**Problem to work on:** Scan the entries for lines containing the string "illustration". Reply with how many there are, and nothing else.

[Extracted data entries]
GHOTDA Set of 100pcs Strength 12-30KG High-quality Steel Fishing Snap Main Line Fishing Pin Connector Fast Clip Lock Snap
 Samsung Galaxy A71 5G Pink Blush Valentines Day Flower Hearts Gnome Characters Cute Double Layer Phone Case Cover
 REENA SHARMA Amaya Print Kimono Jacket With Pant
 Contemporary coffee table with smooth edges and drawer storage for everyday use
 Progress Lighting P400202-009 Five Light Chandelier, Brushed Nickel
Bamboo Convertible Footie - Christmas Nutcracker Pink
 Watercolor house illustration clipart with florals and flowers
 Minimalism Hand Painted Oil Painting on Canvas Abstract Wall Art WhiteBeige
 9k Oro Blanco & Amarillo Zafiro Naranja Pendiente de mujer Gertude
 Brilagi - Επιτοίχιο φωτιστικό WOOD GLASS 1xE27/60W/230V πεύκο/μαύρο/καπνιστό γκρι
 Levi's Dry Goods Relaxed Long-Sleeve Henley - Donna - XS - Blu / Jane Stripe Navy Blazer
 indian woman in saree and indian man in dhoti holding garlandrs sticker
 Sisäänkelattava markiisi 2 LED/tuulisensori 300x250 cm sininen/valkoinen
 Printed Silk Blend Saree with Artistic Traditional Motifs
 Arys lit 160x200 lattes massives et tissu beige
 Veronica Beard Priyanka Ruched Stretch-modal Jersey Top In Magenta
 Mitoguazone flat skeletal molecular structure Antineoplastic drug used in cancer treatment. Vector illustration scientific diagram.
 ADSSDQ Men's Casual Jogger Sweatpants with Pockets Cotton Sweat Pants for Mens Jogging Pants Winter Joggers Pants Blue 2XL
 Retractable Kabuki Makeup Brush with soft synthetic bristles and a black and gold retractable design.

**Response area:** 2